This is wrong. It works because of an implementation detail (reduce fallbacks to foldl in this case). Please read the documentation:

Reduce the given collection itr with the given binary operator op. If provided, the initial value init must be a neutral element for op that will be returned for empty collections. It is unspecified whether init is used for non-empty collections.
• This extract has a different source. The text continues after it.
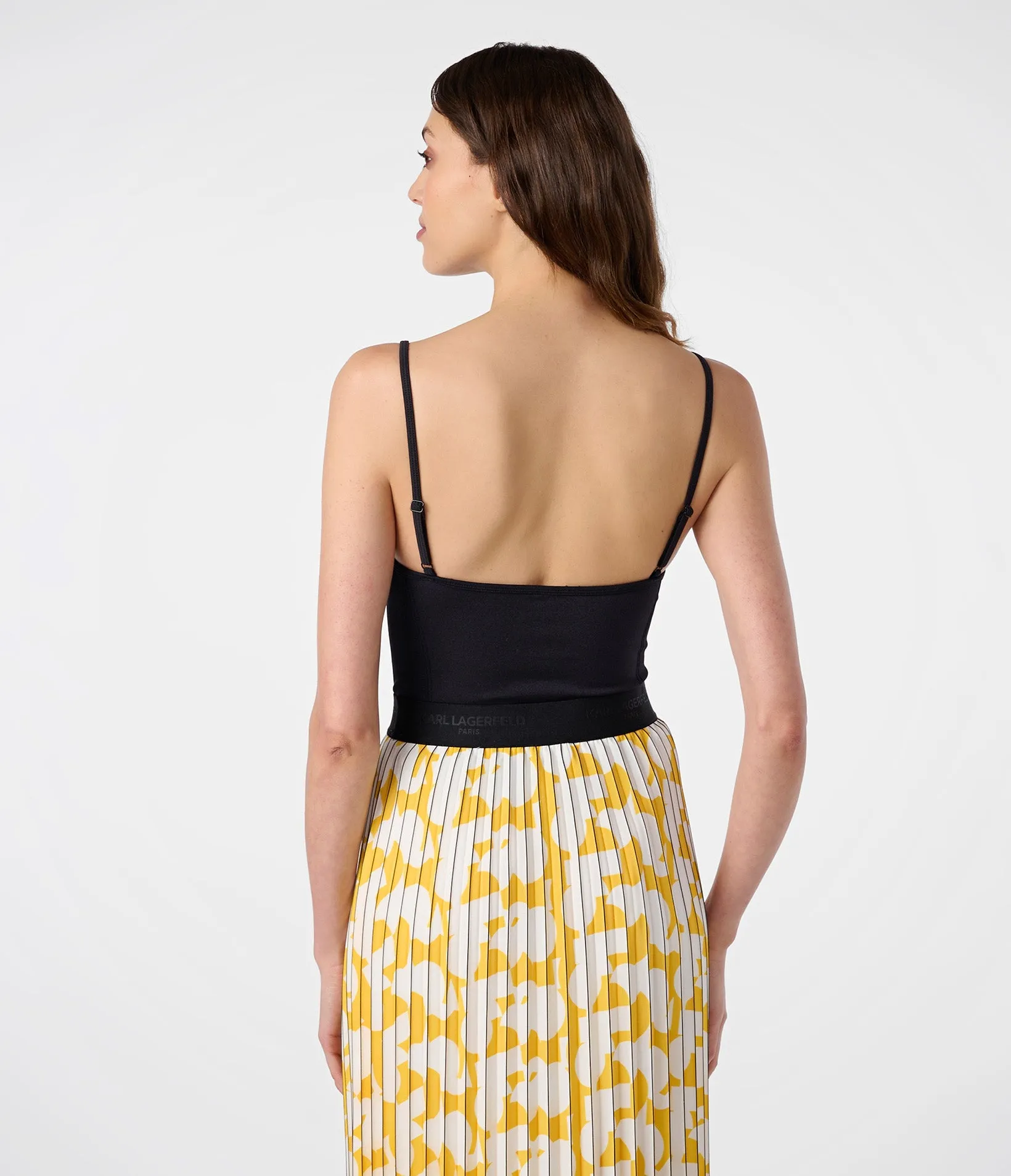 THIN STRAP BODYSUIT sold by Karl Lagerfeld Paris product image thumbnail 5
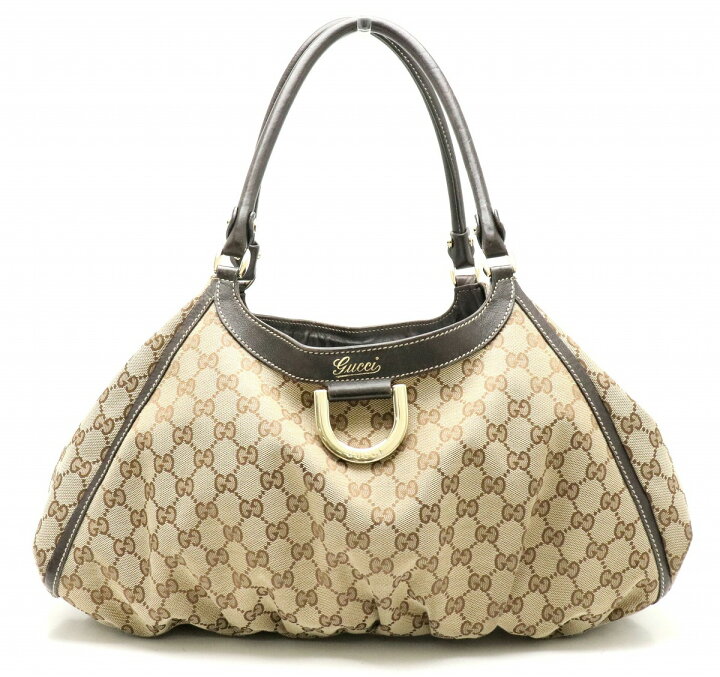 楽天市場】【バッグ】GUCCI グッチ GGキャンバス アビーライン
— https://docs.julialang.org/en/latest/base/collections/#Base.reduce-Tuple{Any,Any}

It says init has to be a neutral element aka identity of op. This is to say, following must hold:

for x in a
    @assert op(x, init) == x
    @assert op(init, x) == x
end

However, op = (x, y) -> x + y[2] and init = 0.0 does not satisfy this. Element-wise processing must use mapreduce, not reduce. Alternatively, just use foldl. It is correct to invoke foldl((x, y) -> x + y[2], a, init = 0.0).

Note also that op for reduce has to be associative (i.e., it has to be a monoid). op = (x, y) -> x + y[2] does not satisfy this.

A general advice is to be careful with “asymmetric looking” op when using reduce. If you can’t convince yourself that given op is associative and init is its identity, use foldl.

(All these complication may discourage you to use reduce. However, it is one of the most fundamental tool for parallel computation. So I think it’s important to learn how to use reduce.)